At an institute for experimental mathematics there is a computer that helps solve problems.

Problems arrive to the computer at a poisson process with intensity "Landa" per hour.

The time to solve each problem can be seen as a exponential distribution with parameter "mu".

In our world we have four different states. S = (0,1,2,3)

State 0 = 0 problems have arrived to the computer

State 1 = the computer is solving 1 question

State 2 = the computer is solving 1 question + 1 in queue.

State 3 = the computer is solving 1 question + 2 in queue.

If a question comes when we are in state 3, the sender gets an error message and tries again later.
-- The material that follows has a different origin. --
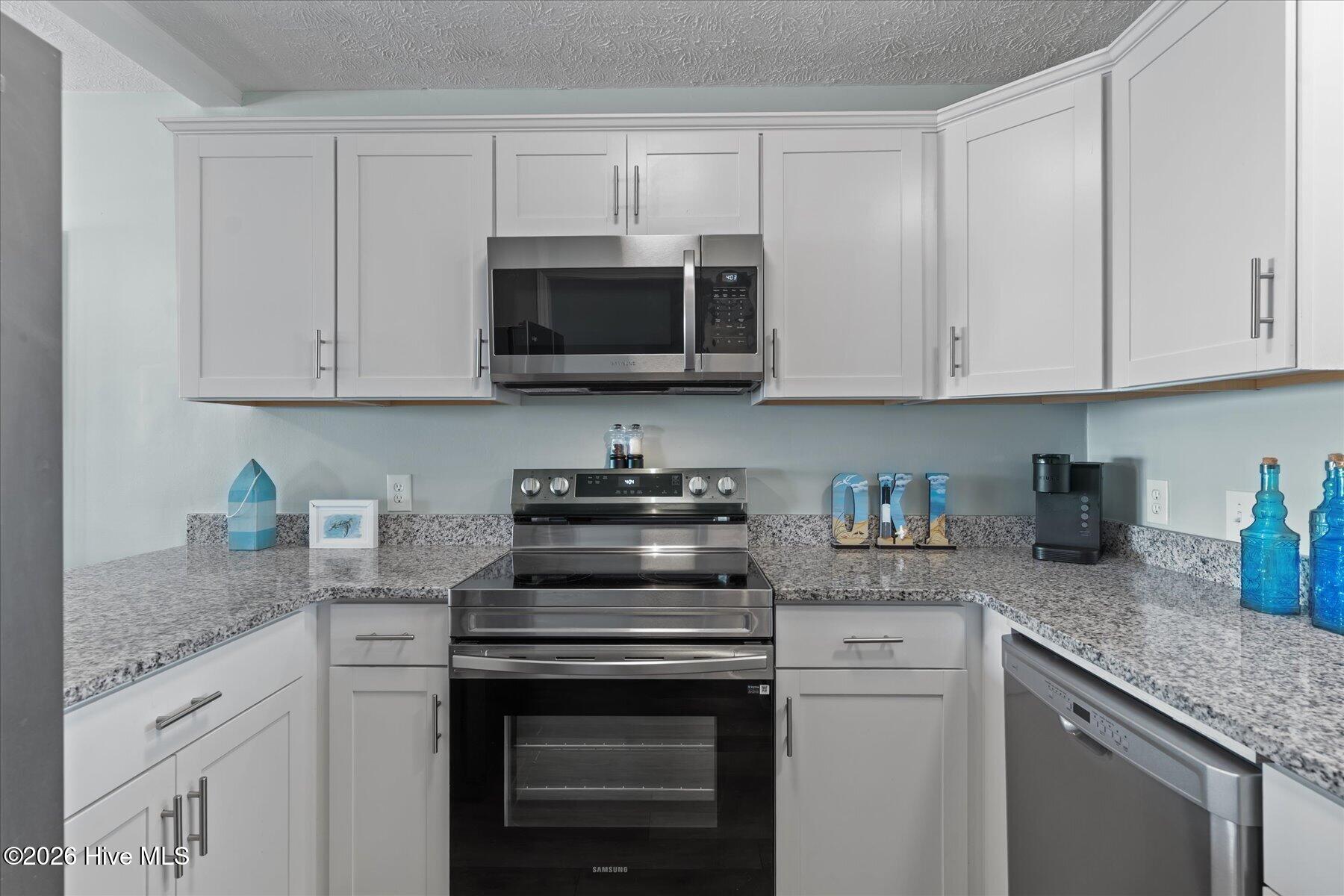 100564383 | Photo 19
The institution has decided that maximum of 5 % of the senders should get this error message.

To decide who should have access to the computer, we are 3 different proposals.

  1. Only the professors are alowed to send questions ( Landa = 2, Mu = 10)
  2. Professors and students are alowed to send questions( Landa = 6, Mu = 10)
  3. Anyone is alowed to send questions( Landa =10, Mu = 10)

We should investigate what of the 3 proposals don't fill upp the computer more than 5% of the time.

I have two things i need help with

First thing: To Solve the question I've been given this structure of code(the code under). What i need help with is if someone can briefly explain to me the purpose of the following code paragraf where i have written "#?".

So what i really need help with is some1 to explain parts of the code.

Secound thing: In two places i have written "...", there i need help to fill in some code. 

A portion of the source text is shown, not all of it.